* _Listed records_
● ● ●

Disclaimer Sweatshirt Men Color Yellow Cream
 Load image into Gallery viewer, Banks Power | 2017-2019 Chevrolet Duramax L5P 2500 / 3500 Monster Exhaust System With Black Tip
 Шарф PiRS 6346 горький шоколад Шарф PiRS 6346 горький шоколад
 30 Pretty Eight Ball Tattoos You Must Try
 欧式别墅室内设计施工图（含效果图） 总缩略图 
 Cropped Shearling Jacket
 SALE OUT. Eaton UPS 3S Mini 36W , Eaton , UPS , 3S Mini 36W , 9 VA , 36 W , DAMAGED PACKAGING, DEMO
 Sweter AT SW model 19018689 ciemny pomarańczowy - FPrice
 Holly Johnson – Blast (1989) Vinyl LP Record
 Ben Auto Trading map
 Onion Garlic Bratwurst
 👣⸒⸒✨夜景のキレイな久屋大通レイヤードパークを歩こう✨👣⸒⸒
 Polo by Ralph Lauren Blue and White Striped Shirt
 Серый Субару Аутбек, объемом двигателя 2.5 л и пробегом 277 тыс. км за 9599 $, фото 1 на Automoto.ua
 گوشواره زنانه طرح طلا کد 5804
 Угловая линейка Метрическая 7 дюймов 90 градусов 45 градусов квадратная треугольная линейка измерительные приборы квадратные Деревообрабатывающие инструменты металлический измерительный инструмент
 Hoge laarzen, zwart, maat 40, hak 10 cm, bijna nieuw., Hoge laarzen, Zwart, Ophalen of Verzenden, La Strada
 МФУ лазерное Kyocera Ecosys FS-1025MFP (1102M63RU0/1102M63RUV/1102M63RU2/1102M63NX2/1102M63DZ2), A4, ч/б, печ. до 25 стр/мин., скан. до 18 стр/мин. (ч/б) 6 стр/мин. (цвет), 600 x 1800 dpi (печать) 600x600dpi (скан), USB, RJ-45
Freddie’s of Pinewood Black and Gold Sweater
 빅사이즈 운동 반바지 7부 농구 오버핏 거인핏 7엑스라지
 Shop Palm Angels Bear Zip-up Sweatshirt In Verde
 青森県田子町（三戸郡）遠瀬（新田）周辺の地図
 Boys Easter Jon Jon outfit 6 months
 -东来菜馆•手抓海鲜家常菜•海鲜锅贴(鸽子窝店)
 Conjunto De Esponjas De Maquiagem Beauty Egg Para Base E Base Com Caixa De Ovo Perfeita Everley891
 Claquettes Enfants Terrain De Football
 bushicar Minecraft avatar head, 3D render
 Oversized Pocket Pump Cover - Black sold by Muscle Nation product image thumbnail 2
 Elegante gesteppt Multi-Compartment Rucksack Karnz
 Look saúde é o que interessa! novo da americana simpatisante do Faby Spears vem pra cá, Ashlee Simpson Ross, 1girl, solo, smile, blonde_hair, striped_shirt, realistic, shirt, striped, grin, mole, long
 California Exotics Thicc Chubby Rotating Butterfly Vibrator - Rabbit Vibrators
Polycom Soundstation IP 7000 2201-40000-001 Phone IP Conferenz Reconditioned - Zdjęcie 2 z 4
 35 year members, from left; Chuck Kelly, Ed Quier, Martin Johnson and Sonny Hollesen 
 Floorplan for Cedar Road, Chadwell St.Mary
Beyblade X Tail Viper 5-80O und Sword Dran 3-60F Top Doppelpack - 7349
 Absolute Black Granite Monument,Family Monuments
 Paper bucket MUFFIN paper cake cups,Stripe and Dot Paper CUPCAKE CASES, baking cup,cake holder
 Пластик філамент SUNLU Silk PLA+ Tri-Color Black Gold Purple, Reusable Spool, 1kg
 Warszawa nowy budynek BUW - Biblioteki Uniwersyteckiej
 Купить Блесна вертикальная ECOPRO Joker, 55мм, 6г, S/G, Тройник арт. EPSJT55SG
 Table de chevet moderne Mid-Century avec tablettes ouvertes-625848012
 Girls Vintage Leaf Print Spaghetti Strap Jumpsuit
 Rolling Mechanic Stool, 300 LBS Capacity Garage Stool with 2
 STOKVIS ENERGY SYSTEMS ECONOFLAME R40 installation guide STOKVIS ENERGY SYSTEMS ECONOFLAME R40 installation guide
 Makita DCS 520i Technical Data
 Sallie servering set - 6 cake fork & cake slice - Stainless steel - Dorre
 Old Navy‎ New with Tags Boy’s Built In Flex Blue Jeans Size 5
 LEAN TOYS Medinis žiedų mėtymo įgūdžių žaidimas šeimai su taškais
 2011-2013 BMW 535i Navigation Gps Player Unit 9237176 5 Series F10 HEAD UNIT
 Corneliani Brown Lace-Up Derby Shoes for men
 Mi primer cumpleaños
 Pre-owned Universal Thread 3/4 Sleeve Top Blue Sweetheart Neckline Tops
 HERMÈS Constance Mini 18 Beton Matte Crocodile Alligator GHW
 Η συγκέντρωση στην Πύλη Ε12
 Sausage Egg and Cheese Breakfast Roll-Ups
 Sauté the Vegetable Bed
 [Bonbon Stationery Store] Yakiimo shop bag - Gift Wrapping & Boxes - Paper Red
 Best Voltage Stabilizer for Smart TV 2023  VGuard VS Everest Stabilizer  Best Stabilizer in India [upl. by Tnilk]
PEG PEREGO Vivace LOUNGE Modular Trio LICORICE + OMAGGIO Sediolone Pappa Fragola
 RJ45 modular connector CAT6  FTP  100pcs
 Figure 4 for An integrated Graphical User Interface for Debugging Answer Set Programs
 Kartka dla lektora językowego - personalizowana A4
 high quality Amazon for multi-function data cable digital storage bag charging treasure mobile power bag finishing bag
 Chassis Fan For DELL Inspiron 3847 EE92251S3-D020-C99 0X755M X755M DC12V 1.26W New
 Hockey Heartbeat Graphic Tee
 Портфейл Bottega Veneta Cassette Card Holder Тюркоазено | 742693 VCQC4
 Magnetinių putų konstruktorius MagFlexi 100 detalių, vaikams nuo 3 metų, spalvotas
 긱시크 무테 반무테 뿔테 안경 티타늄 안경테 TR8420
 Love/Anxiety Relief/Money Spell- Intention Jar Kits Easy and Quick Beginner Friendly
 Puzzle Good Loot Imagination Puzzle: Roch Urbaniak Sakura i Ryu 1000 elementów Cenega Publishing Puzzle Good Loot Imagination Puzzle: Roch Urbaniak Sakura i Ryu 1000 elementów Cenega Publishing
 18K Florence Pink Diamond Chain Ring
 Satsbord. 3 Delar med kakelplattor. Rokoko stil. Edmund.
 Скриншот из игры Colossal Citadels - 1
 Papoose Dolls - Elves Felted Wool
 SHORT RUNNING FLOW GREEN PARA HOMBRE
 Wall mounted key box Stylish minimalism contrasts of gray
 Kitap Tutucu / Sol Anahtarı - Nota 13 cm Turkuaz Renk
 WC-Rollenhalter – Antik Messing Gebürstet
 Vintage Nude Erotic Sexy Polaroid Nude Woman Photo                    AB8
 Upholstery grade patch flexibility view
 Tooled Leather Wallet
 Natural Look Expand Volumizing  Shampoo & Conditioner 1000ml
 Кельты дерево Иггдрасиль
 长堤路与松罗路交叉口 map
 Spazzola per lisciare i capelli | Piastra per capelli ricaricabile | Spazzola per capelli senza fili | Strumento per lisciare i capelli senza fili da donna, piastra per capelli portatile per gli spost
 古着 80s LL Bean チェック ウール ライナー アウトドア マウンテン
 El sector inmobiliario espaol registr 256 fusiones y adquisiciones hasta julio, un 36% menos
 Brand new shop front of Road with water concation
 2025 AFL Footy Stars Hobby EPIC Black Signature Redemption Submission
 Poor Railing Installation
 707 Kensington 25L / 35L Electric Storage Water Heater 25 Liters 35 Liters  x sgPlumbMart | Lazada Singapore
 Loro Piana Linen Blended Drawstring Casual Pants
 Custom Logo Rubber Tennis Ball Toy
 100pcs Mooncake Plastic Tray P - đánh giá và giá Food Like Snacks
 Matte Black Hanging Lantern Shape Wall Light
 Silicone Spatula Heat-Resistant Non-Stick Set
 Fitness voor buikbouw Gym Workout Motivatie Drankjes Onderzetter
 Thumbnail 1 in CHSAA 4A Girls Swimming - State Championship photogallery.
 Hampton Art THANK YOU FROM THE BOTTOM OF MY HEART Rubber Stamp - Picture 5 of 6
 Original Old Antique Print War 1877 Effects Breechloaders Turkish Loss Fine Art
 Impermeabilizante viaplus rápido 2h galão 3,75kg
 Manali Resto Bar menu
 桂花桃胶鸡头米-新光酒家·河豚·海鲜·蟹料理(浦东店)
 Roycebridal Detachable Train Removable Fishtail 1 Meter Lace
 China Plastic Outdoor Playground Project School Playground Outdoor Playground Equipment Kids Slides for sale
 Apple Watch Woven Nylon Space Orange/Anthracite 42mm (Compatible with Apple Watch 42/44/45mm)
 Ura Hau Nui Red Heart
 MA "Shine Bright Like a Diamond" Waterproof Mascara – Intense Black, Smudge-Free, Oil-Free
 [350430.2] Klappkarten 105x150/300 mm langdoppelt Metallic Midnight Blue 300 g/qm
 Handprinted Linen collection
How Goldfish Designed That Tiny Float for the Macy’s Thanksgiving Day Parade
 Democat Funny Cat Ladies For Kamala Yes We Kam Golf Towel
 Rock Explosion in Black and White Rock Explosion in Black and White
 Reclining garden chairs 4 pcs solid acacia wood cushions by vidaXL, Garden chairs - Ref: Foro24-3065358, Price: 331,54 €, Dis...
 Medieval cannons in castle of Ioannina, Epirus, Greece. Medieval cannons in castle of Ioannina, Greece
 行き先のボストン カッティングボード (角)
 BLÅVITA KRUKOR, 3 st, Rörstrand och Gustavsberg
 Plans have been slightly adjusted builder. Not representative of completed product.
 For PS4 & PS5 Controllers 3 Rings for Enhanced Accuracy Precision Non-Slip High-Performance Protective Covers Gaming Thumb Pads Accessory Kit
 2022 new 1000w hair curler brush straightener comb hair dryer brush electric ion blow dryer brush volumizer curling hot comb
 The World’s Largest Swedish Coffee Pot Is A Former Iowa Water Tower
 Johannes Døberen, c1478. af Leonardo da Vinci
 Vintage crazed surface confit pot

● ● ●

* _Assigned task_
The entries above hold a line with "Mi primer cumpleaños" and a later line with "18K Florence Pink Diamond Chain Ring". Write out exactly those lines and all lines between, nothing more.

* _Output of the exercise_
 Mi primer cumpleaños
 Pre-owned Universal Thread 3/4 Sleeve Top Blue Sweetheart Neckline Tops
 HERMÈS Constance Mini 18 Beton Matte Crocodile Alligator GHW
 Η συγκέντρωση στην Πύλη Ε12
 Sausage Egg and Cheese Breakfast Roll-Ups
 Sauté the Vegetable Bed
 [Bonbon Stationery Store] Yakiimo shop bag - Gift Wrapping & Boxes - Paper Red
 Best Voltage Stabilizer for Smart TV 2023  VGuard VS Everest Stabilizer  Best Stabilizer in India [upl. by Tnilk]
PEG PEREGO Vivace LOUNGE Modular Trio LICORICE + OMAGGIO Sediolone Pappa Fragola
 RJ45 modular connector CAT6  FTP  100pcs
 Figure 4 for An integrated Graphical User Interface for Debugging Answer Set Programs
 Kartka dla lektora językowego - personalizowana A4
 high quality Amazon for multi-function data cable digital storage bag charging treasure mobile power bag finishing bag
 Chassis Fan For DELL Inspiron 3847 EE92251S3-D020-C99 0X755M X755M DC12V 1.26W New
 Hockey Heartbeat Graphic Tee
 Портфейл Bottega Veneta Cassette Card Holder Тюркоазено | 742693 VCQC4
 Magnetinių putų konstruktorius MagFlexi 100 detalių, vaikams nuo 3 metų, spalvotas
 긱시크 무테 반무테 뿔테 안경 티타늄 안경테 TR8420
 Love/Anxiety Relief/Money Spell- Intention Jar Kits Easy and Quick Beginner Friendly
 Puzzle Good Loot Imagination Puzzle: Roch Urbaniak Sakura i Ryu 1000 elementów Cenega Publishing Puzzle Good Loot Imagination Puzzle: Roch Urbaniak Sakura i Ryu 1000 elementów Cenega Publishing
 18K Florence Pink Diamond Chain Ring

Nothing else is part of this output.